Two species of bats (Otomops Wroughtoni and Latidens Salimalii) are protected under Part I of Schedule I of Wildlife Protection Act (WPA),1972.
“We need to identify if this population has bats from these two species. If yes, they deserve the highest level of protection under the law. Destruction of roosting/nesting sites of any of the protected species is an offence under the WPA. Hence, we request the district administration to halt demolition until the site is surveyed and steps are taken to provide a safe roosting/nesting site for the endangered bats,” Mohanty added.
Wildlife Society has urged the government to acknowledge the urgency of the situation and issue directions to the concerned authorities not to harm the roosting site.
The government’s plans appear to be more about re-jigging the area for tourism and economic activity.

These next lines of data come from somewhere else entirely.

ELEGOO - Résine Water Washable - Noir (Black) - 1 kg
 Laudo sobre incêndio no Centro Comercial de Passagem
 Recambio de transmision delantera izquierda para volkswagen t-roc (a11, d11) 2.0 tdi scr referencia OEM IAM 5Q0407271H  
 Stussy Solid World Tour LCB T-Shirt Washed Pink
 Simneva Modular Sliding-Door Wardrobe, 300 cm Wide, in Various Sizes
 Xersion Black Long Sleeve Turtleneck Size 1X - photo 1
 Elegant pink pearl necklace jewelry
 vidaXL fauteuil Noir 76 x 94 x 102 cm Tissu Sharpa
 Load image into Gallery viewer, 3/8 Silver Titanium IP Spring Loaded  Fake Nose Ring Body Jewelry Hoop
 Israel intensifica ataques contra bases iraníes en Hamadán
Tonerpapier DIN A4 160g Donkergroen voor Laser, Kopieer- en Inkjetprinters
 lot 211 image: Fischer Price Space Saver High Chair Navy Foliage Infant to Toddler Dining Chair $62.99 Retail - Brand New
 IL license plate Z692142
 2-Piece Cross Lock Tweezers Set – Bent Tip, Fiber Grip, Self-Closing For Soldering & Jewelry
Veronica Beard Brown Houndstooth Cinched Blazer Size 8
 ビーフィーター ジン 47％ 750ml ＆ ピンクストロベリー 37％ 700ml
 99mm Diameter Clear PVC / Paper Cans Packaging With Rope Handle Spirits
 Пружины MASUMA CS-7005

The huge and irreparable cost in terms of undermining cultural heritage seems to be something that the officials do not fully appreciate.
The building of the mutt, which is demolished, was built sometime in 1790-1800 during the Maratha occupation of Puri. The present Mutt had all features of the Kalingan architecture. There were no external decorative features except for the carved doorjambs.
The walls had faded murals; which had been painted over a multitude of times. The perfectly arched entrances were decorated with animal, bird and vegetative motifs. Wooden palkis, also known as Vimanas, occupied the corners, their curved bamboo poles struck high up near the roof. These and other furnitures were made of the dark and hardy rosewood, locally knows as sissoo, which lasted for centuries.
In medieval times, the pilgrim town of Puri had a very few inns, most of which were too expensive for travellers and the poor to stay in. The mutts then offered the poor people shelter for a few nights.
The mutt had huge collection of artefacts, vestiges of the various rituals and ceremonies. They had large cooking vessels made of copper and brass in which food for hundreds of devotees was cooked during the Rath Yatra and other festivals. One wonders what happened to all of these, how many could be saved and how many were let to crumble under the debris.
However, the supporters of state administration’s move maintain that cleaning up of one of the four Dhams (four holy sites in Hinduism) is a bold move and will set an example for the rest to follow.
In the wake of this ongoing drive, future of these mutts remains doubtful. While visitors to the temple town can look forward to a clean and beautified place around the temple, something very valuable from Odisha’s heritage being lost and nothing is being done about it.